### PROMPT
Repeat nothing but the line containing "Building Photo - 8548 E Belleview St" and the lines that follow it, up to and including the last line of the data below.
--- GIVEN ENTRIES ---
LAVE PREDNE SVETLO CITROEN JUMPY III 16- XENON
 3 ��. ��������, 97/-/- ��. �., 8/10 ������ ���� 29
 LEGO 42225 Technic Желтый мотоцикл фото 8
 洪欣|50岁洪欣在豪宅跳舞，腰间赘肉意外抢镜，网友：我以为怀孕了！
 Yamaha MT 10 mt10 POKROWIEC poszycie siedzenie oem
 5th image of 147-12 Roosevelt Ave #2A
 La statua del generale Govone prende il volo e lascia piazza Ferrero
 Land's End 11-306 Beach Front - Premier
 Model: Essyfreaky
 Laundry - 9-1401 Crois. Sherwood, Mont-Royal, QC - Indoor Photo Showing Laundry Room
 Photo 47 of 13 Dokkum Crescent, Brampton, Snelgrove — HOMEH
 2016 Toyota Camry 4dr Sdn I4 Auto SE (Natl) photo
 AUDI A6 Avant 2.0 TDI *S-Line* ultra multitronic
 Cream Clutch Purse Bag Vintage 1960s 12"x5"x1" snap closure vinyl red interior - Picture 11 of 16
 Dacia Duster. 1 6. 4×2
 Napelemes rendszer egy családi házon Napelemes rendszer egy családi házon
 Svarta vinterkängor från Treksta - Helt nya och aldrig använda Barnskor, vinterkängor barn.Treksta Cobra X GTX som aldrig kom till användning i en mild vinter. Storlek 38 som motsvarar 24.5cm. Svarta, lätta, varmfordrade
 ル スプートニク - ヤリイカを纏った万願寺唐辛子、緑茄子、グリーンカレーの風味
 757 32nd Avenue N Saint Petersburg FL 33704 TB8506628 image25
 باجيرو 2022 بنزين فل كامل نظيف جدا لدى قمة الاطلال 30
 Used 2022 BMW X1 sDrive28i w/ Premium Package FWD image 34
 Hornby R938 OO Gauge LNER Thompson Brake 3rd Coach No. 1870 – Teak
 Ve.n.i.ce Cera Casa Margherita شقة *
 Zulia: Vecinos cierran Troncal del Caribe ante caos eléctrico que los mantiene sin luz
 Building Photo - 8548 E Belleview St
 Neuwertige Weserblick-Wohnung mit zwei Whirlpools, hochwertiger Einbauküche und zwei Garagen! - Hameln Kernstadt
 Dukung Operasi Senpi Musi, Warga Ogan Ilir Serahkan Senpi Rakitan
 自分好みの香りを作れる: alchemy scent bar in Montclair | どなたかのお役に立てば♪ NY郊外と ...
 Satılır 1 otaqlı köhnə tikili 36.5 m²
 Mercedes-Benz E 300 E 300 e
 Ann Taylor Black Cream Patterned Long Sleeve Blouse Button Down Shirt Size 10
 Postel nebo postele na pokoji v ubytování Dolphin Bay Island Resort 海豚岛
---
### FINISHED EXERCISE
 Building Photo - 8548 E Belleview St
 Neuwertige Weserblick-Wohnung mit zwei Whirlpools, hochwertiger Einbauküche und zwei Garagen! - Hameln Kernstadt
 Dukung Operasi Senpi Musi, Warga Ogan Ilir Serahkan Senpi Rakitan
 自分好みの香りを作れる: alchemy scent bar in Montclair | どなたかのお役に立てば♪ NY郊外と ...
 Satılır 1 otaqlı köhnə tikili 36.5 m²
 Mercedes-Benz E 300 E 300 e
 Ann Taylor Black Cream Patterned Long Sleeve Blouse Button Down Shirt Size 10
 Postel nebo postele na pokoji v ubytování Dolphin Bay Island Resort 海豚岛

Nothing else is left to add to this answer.